Planets are popping up all over the galaxy

But, while we can detect them, tantalizing details are beyond our reach.

Posted: July 30, 2007

WASHINGTON - It's boom time for planet hunters. Astronomers are bagging new worlds at an average rate of more than two a month.

As of Friday, the latest available date, 248 extrasolar planets had been detected circling other stars in the Milky Way galaxy. Among them are 25 alien "solar systems" consisting of two, three or four bodies orbiting single suns.

At least four new exoplanets, as they're also called, were reported just this month; three were found in May and 28 over the last 12 months. The smallest known exoplanet, only twice as wide and five times heavier than Earth, was discovered in April.

"Ten years ago, we knew of no extrasolar planets," says John Bally, an astronomer at the University of Colorado in Boulder. "Now we're discovering planets almost weekly."

Or as Sylvain Korzennik, a researcher at the Harvard-Smithsonian Center for Astrophysics in Cambridge, Mass., put it: "Extrasolar planets are everywhere in the sky."

In addition to simply boosting the count of planets, new technologies are letting scientists begin to analyze the chemical makeup of their finds. Water molecules have been spotted in the atmosphere of at least one new planet. The fingerprints of elements such as carbon, oxygen, sodium, silicon and iron have shown up.

So far, none of the known exoplanets seems likely to harbor life. That's because almost all the discoveries are what are known as gas giants, as big as or bigger than our own Jupiter.

Most of them huddle close to their stars - inside Mercury's orbit if they were in our solar system - and are far too hot for liquid water, an essential ingredient for life as we know it.

Many orbit so rapidly that their years last only a few days.

"The known exoplanets are very different from our own," says Sara Seager, a planetary scientist at the Massachusetts Institute of Technology.

The reason astronomers are finding mostly big, close-in planets is that they're easier to detect than Earth-size objects.
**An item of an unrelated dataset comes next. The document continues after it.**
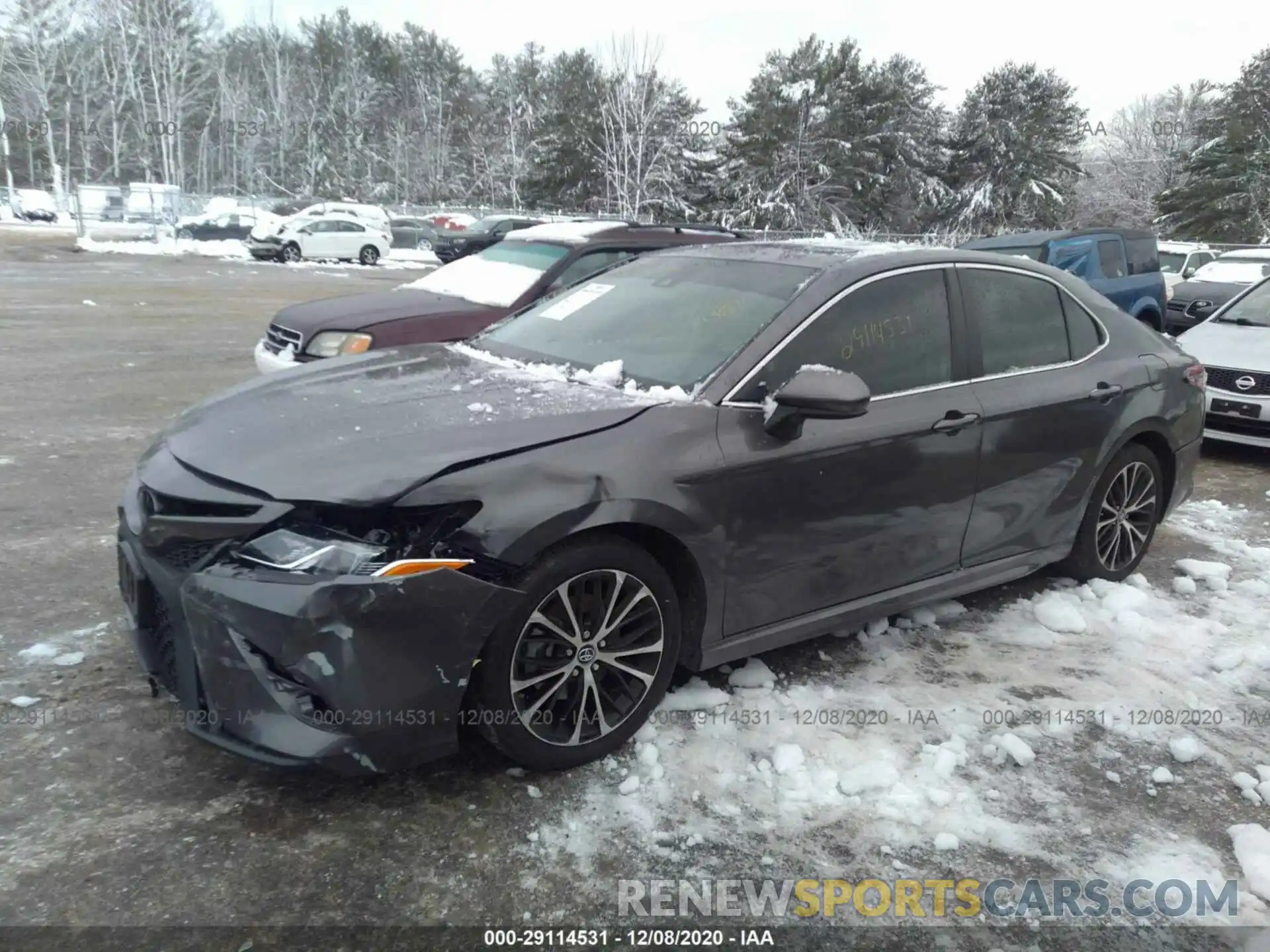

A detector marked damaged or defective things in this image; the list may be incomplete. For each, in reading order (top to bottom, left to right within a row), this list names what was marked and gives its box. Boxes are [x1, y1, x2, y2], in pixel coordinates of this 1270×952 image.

Planet hunters are confident, however, that new telescopes soon will be able to identify smaller, solid bodies in Earthlike orbits in the so-called "habitable zone": close enough, but not too close, to their stars to permit liquid water and perhaps life.

"No question there are habitable planets out there," Seager says. "Whether they are inhabited is uncertain."

The pace of discovery is bound to increase. A European planet-hunting satellite named Corot was launched in December and reported its first discovery May 3.

In early 2009, NASA will launch a more powerful telescope, named Kepler, that is designed to monitor 100,000 stars in the northern sky for four years. Kepler will have "enough precision to find Earth-size planets," says William Borucki, a space scientist at NASA's Ames Research Laboratory in Mountain View, Calif.

Borucki says he hopes to find 50 Earthlike planets and 500 objects twice as massive using a relatively new technique known as "transit photometry."

The method measures the tiny dip in a star's light as a planet passes in front of it as seen from Earth - like "a gnat flying across a headlight," Borucki says. At least 20 planets have been found this way.

The overwhelming majority of the new planets were identified by an older technique known as "radial velocity." This refers to the minute wobble in a star's motion caused by a planet's gravity as it orbits around it. The effect is like the motion of your body when you swing a bucket full of water around your head.

No distant planets have been imaged directly as yet. A NASA satellite called the Terrestrial Planet Finder might have been able to do the job, but it was scrapped last year because of technical problems and cost.


Intriguing Extrasolar Planets

The first planets outside our solar system were spotted in 1990. The current tally - nearly 250 - ranges from large gassy giants to small rocky worlds. Some are two-faced planets of fire and ice. Others float eerily in space, bound to no star. Here are some oddballs and record holders, as compiled by Space.com.

Youngest

The youngest exoplanet yet discovered is less than a million years old. It orbits Coku Tau 4, a star 420 light-years away. Astronomers inferred the planet's presence from an enormous hole in the dusty disk that girdles the star. The hole is 10 times the size of Earth's orbit around the Sun and was probably caused by the planet's clearing a space in the dust as it orbits the star.

Oldest

The oldest is a primeval world 12.7 billion years old that formed more than 8 billion years before Earth - just 2 billion years after the Big Bang. Its discovery, by Penn State researcher Steinn Sigurdsson's team, suggests planets are common in the universe and raises the prospect that life began far sooner than most scientists thought.

Shrinker

A year on HD209458b equals 31/2 Earth days. The planet orbits so close to its star that its atmosphere is being blown away by gales of stellar wind. Scientists estimate the planet is losing at least 10,000 tons of material every second. Eventually, only a dead core of the shrinking planet will remain.

Smallest

Gliese 581 C marked a milestone in the search for worlds beyond our solar system. It is the smallest exoplanet ever detected, and the first to lie within the habitable zone of its parent star, thus raising the possibility that its surface could sustain liquid water, or even life. It is 50 percent bigger and 5 times more massive than Earth.